Source records:
....

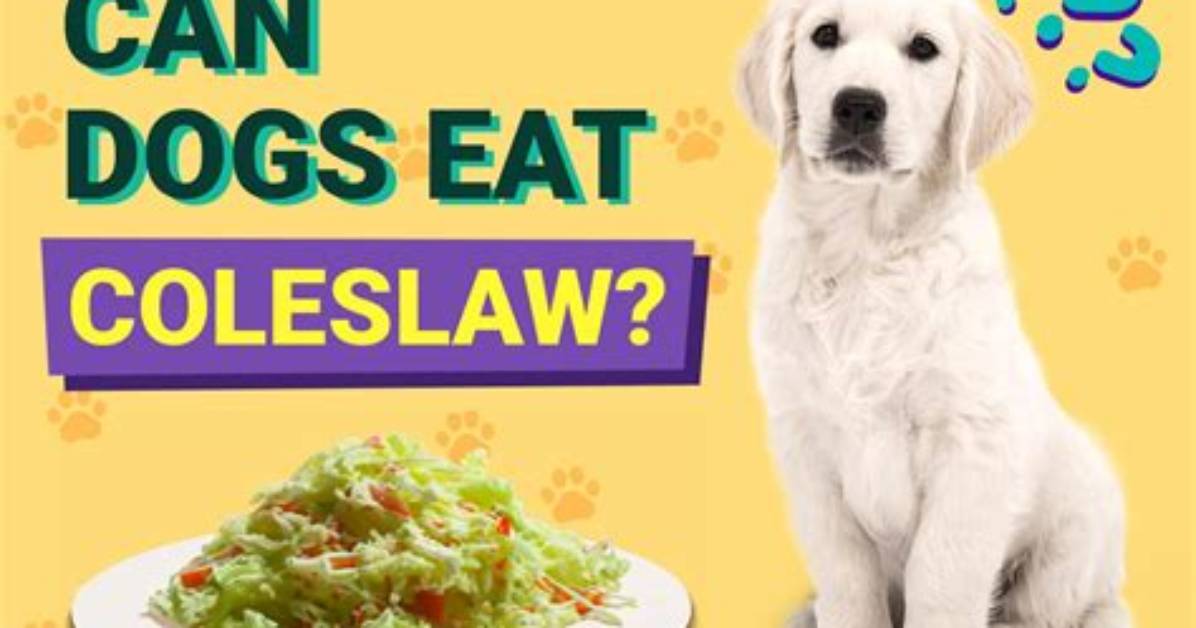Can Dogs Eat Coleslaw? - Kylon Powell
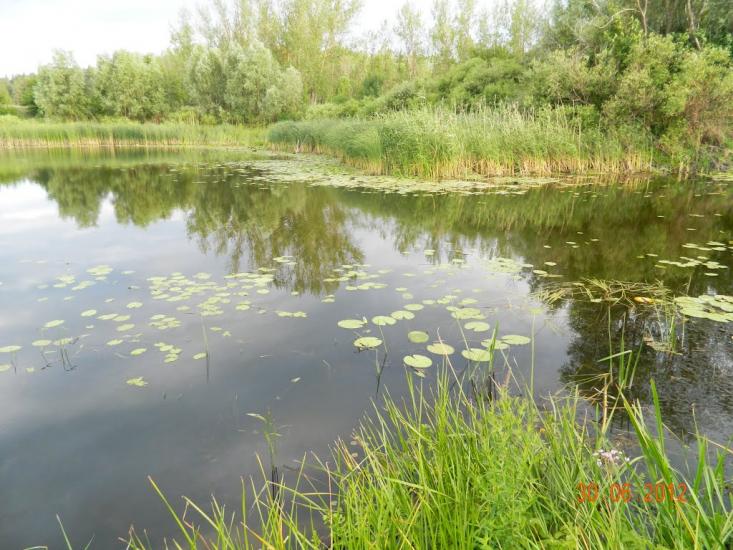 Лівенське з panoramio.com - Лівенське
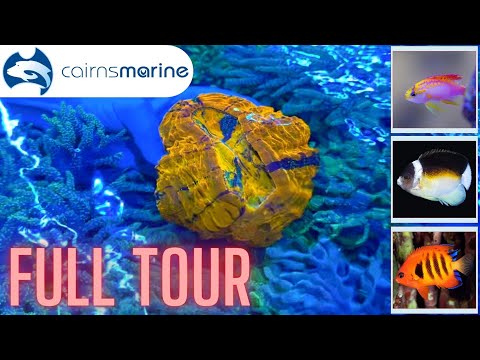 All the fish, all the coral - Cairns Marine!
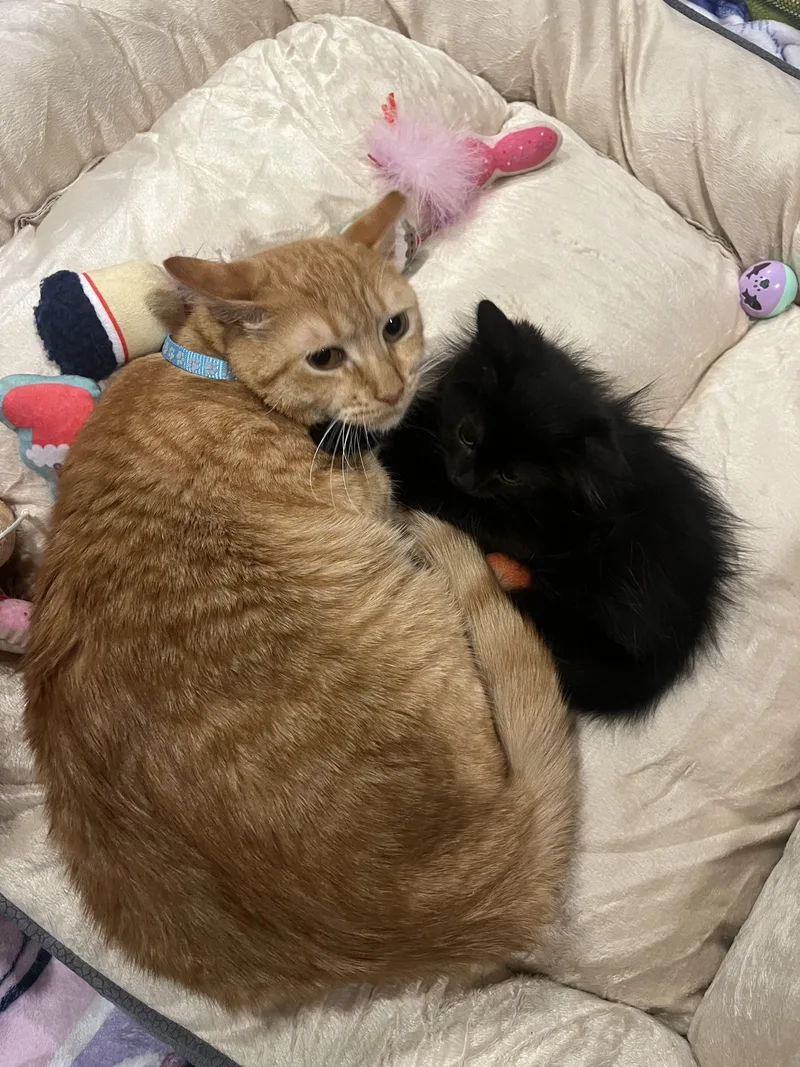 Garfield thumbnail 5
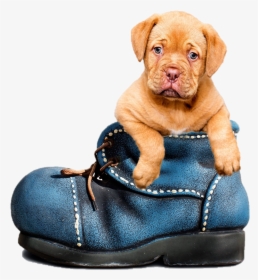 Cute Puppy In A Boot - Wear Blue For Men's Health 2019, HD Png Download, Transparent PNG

....

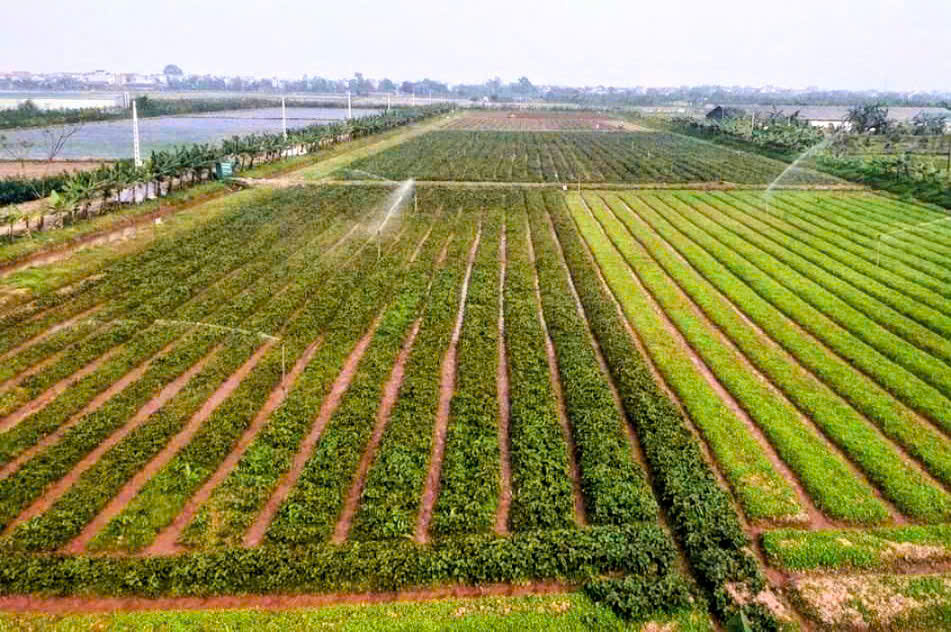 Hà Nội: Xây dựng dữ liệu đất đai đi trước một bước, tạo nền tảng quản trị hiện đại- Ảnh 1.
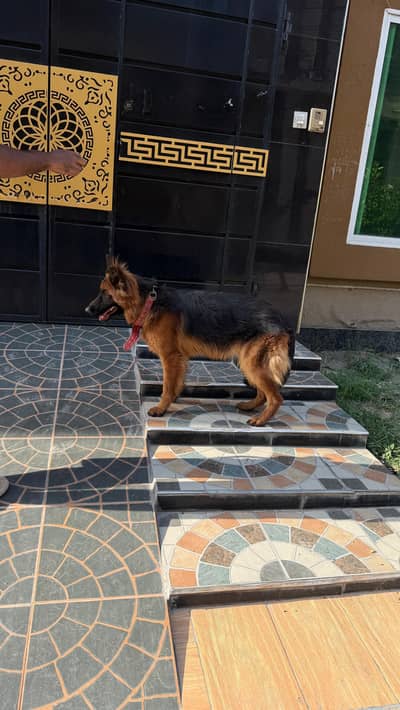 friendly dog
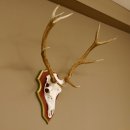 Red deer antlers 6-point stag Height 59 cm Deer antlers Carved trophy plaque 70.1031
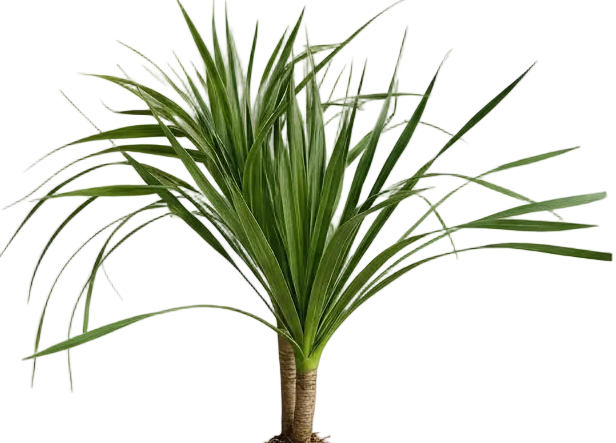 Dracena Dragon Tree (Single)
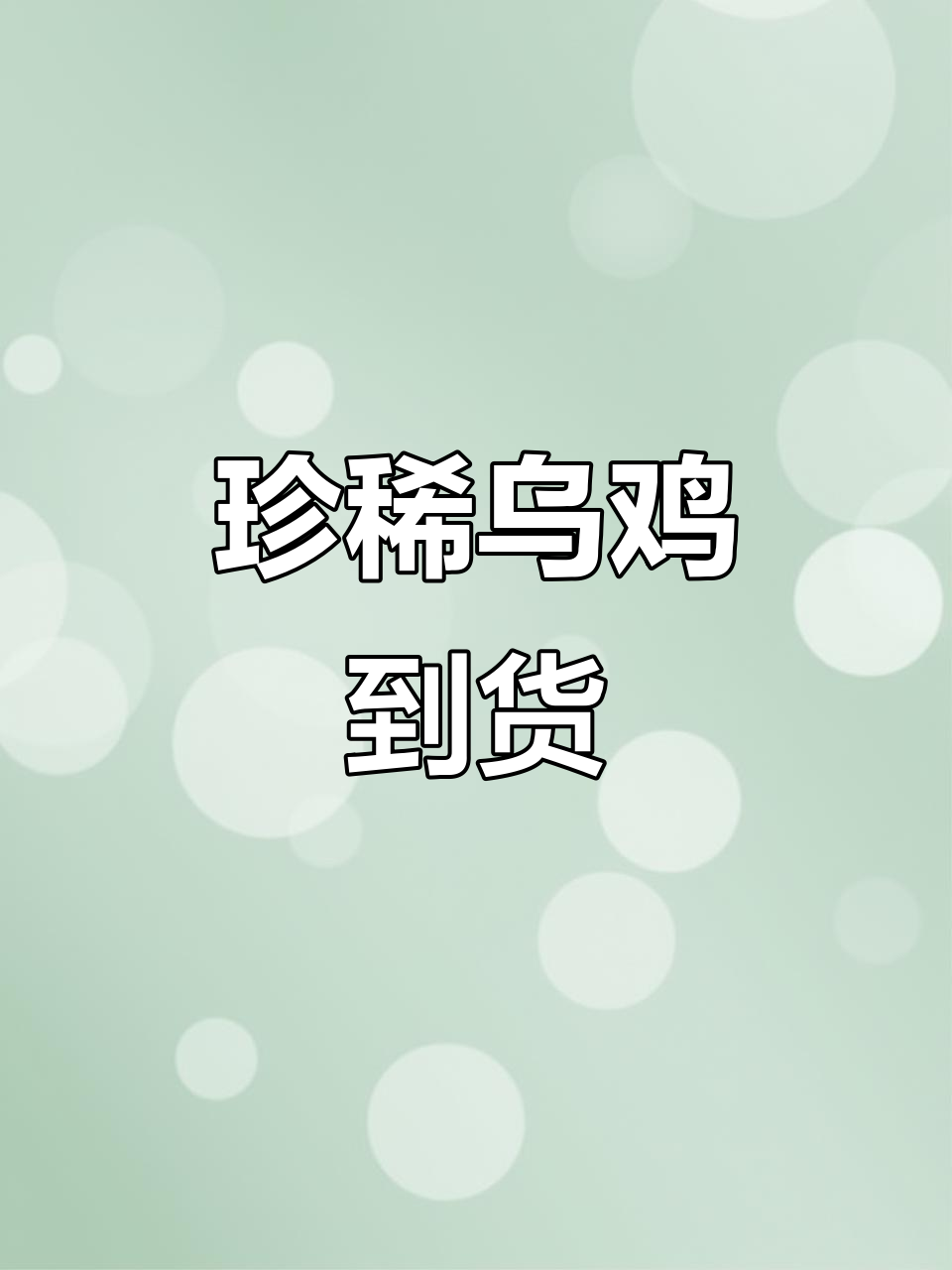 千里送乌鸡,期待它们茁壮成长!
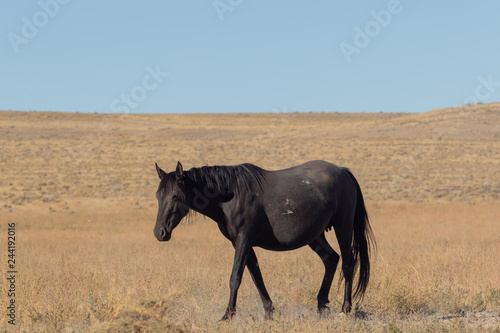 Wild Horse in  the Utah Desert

....

About this exercise: Everything above from the line that has "All the fish, all the coral - Cairns Marine!" down to the line that has "Cute Puppy In" should be output exactly, with both of those lines included. Leave the pictures behind.

Solution for this problem:
 All the fish, all the coral - Cairns Marine!
 Garfield thumbnail 5
 Cute Puppy In A Boot - Wear Blue For Men's Health 2019, HD Png Download, Transparent PNG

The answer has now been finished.